WORK ITEM =>
Using the listing below, please print exactly the lines from the one with "Mediana Crea tu" through the one with "Blaues Boot, Hafen Andratx". Leave out every picture.

EXERCISE DATA =>
= Beginning of Section =
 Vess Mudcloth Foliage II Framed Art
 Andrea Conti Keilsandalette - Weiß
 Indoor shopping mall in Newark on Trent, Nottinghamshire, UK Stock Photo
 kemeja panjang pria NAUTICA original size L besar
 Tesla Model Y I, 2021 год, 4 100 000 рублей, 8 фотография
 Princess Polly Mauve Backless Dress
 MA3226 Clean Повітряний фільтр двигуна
= End of Section =
= Beginning of Section =
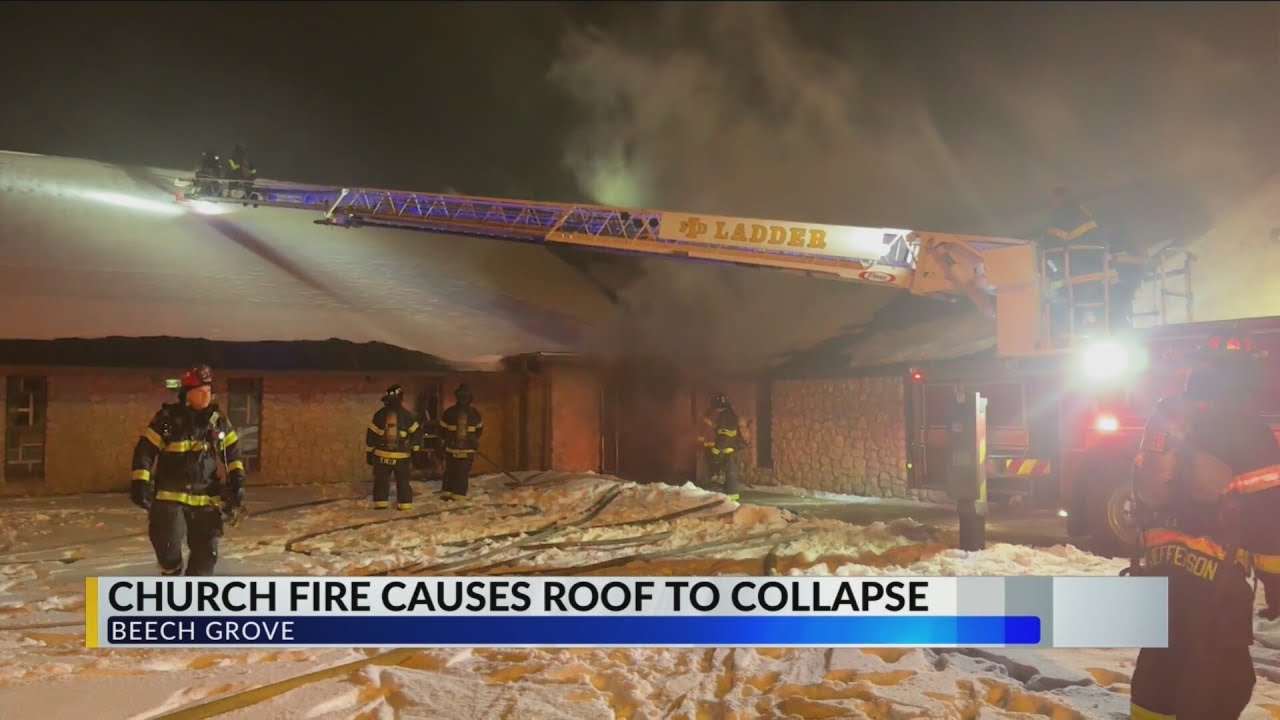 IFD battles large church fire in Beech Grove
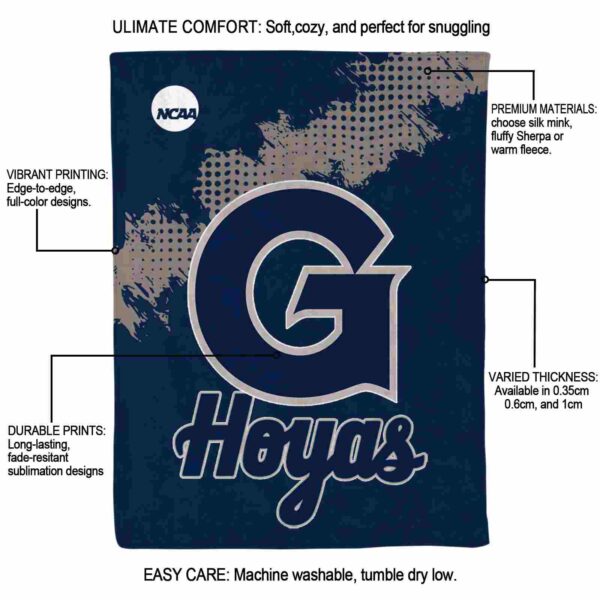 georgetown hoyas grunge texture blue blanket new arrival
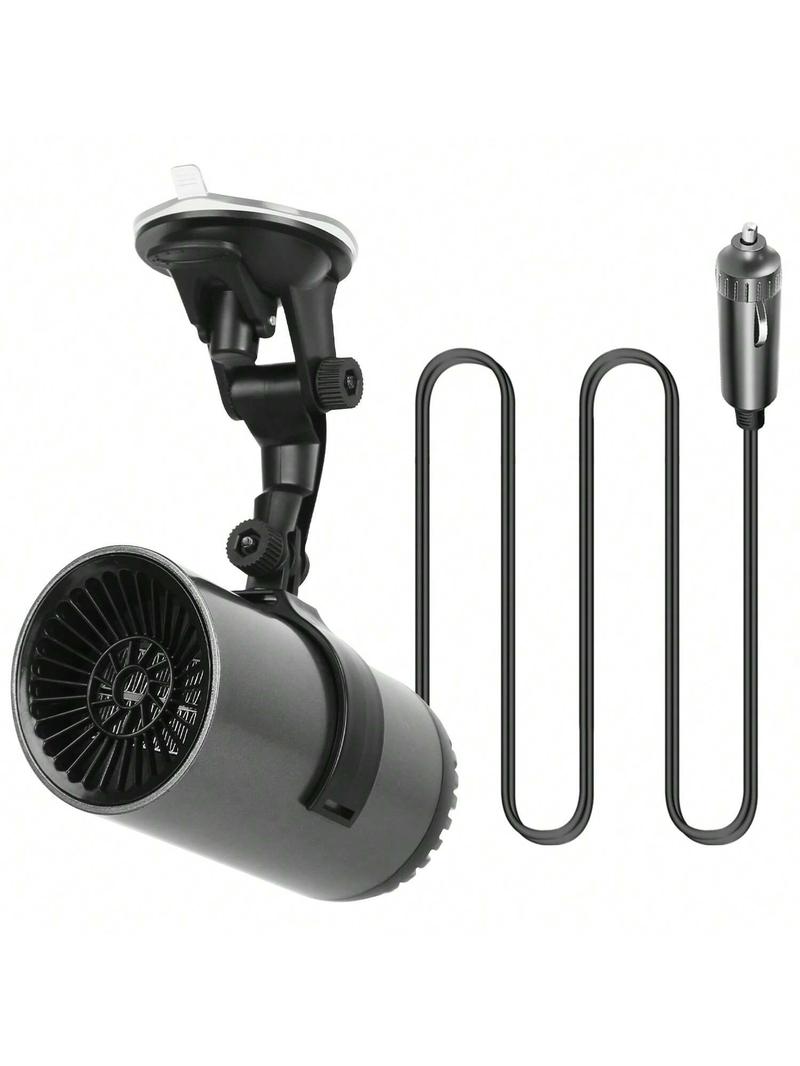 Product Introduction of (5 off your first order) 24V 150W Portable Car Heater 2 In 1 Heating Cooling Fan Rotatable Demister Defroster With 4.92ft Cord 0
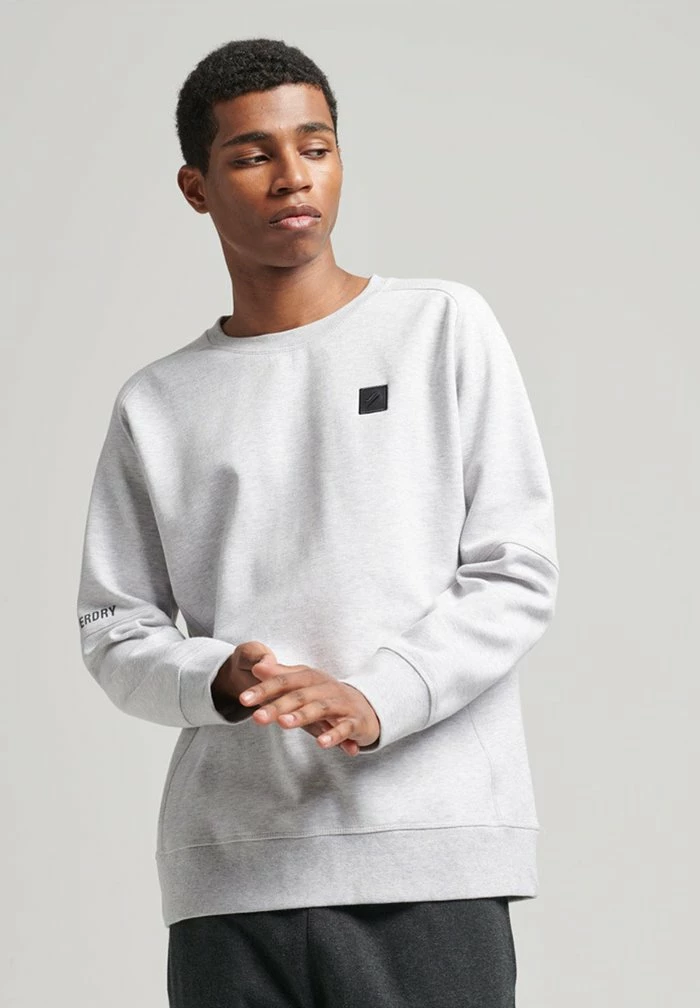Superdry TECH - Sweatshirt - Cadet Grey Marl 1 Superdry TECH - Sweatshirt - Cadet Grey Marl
= End of Section =
= Beginning of Section =
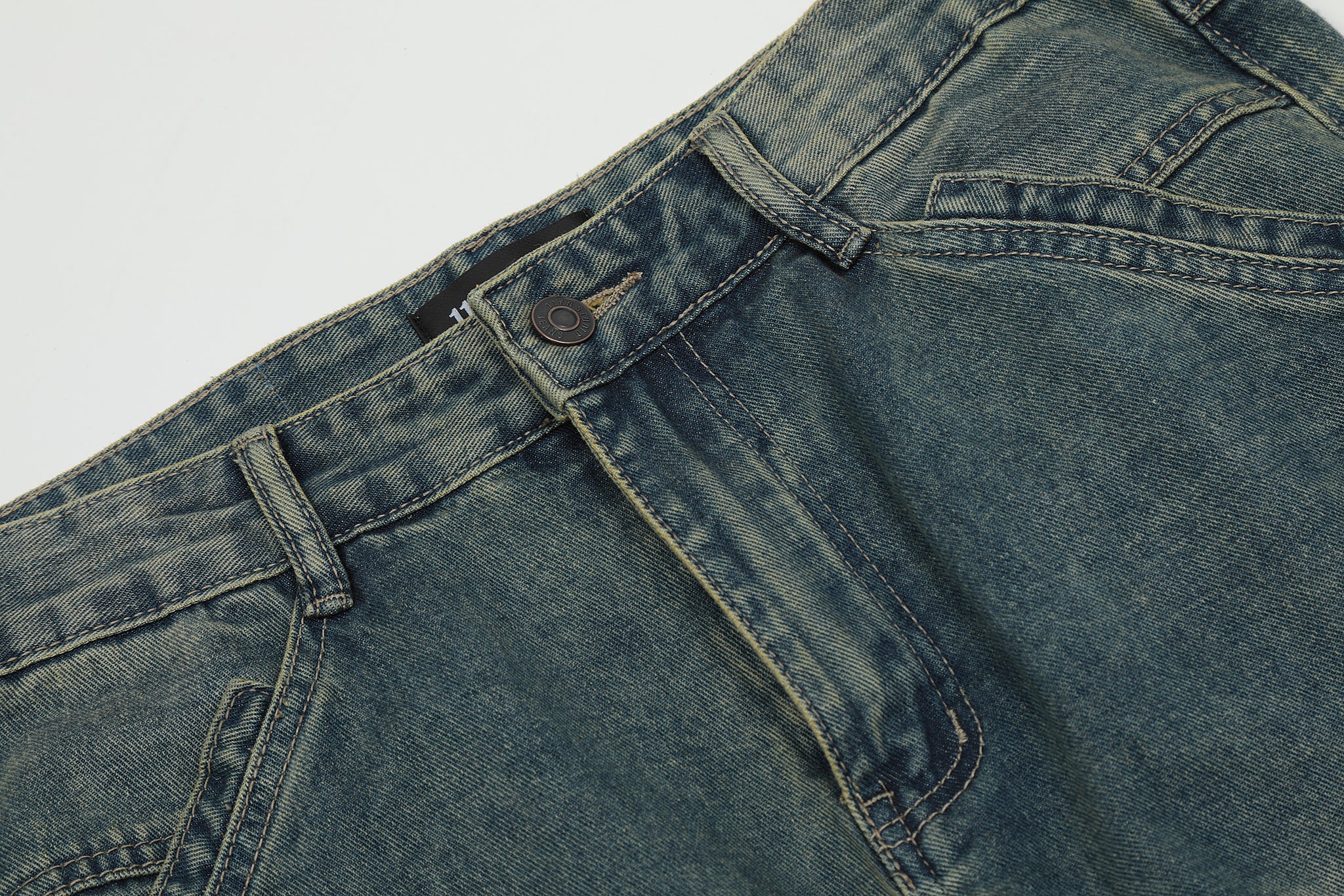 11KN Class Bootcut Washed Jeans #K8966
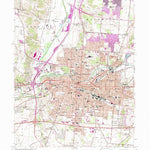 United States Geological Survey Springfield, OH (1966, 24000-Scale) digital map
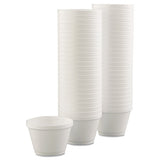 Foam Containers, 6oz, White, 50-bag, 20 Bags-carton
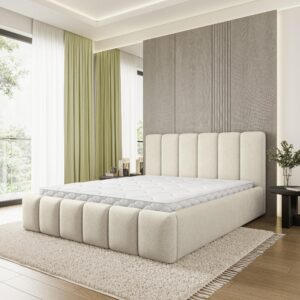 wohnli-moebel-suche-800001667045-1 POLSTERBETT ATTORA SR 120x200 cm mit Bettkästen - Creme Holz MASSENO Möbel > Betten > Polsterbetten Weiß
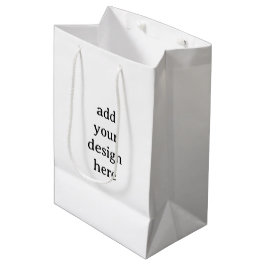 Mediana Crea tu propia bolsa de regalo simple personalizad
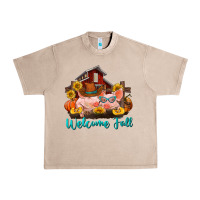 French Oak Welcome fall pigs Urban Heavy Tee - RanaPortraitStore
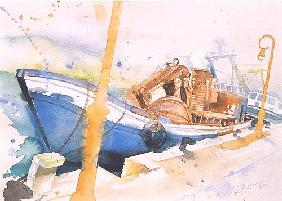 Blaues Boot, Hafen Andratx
= End of Section =
PROBLEM SOLUTION =>
 Mediana Crea tu propia bolsa de regalo simple personalizad
 French Oak Welcome fall pigs Urban Heavy Tee - RanaPortraitStore
 Blaues Boot, Hafen Andratx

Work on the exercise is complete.